The film ends with Jan and Dean singing again triumphantly after the audience boos at them for lip synching. In reality, they attempted to perform in 1972 but were booed for lip synching. They did perform again in 1974. The film makes it seem like this happened on the same night.

===Reception===
The Los Angeles Times called it "shallow entertainment". The New York Times said the film was made "efficiently, if not imaginatively" with an "outstanding" performance from Davison.

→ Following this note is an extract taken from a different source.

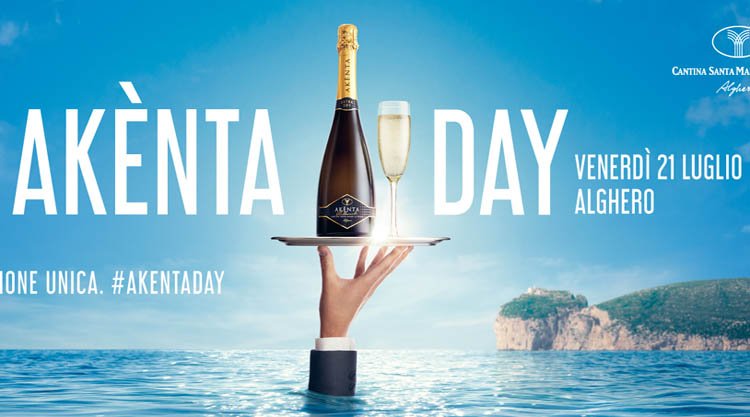 akenta-day-alghero-manifesto-2017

Paul Mavis, of Drunk TV, reviewing Deadman's Curve after the death of Richard Hatch, wrote that although the made-for-TV movie skipped quite a few facts, and did little with Dean Torrence's character, the Jan & Dean music was still there, along with Richard Hatch's fine performance: "Cocky and exuberant at first, and then cold, sneering and manipulative as a domineering rock star, Hatch surprised me with the nasty edge he summoned up.... It’s a beautiful turn by Hatch in the classic biopic form: confidence, talent, and drive lead to success, but the ego needed to climb to the top proves to be an Achilles heel, leading to abuse of friends, loved ones, and self, and then to the inexorable downfall, before a painful but enlightening personal redemption."

===Ratings===
The movie was the 40th highest rating show of the week.

==Featured Songs==
All songs featured are the original recordings, except where indicated
- "Dead Man's Curve"
- "Jennie Lee" (Jan & Dean version)
- "Baby Talk"
- "Surfin'"
- "Barbara Ann"
- "The Little Old Lady from Pasadena"
- "Sidewalk Surfin'"
- "Like a Summer Rain" (a Dean Torrence recording from the Save For a Rainy Day LP)
- "Surf City"
Jan and Dean's latter-day back-up band, Papa Doo Run Run (featuring Dean Torrence), went into the studio to record some additional songs for the soundtrack. Songs included "Pipeline," "Wipe Out," "I Only Have Eyes for You," "Get a Job", "A Teenager in Love," and "One Summer Night", all of which can be heard playing in the background as incidental music.

==Release history==
"Deadman's Curve: The Jan and Dean Story" was released on VHS Format by Interglobal Home Video.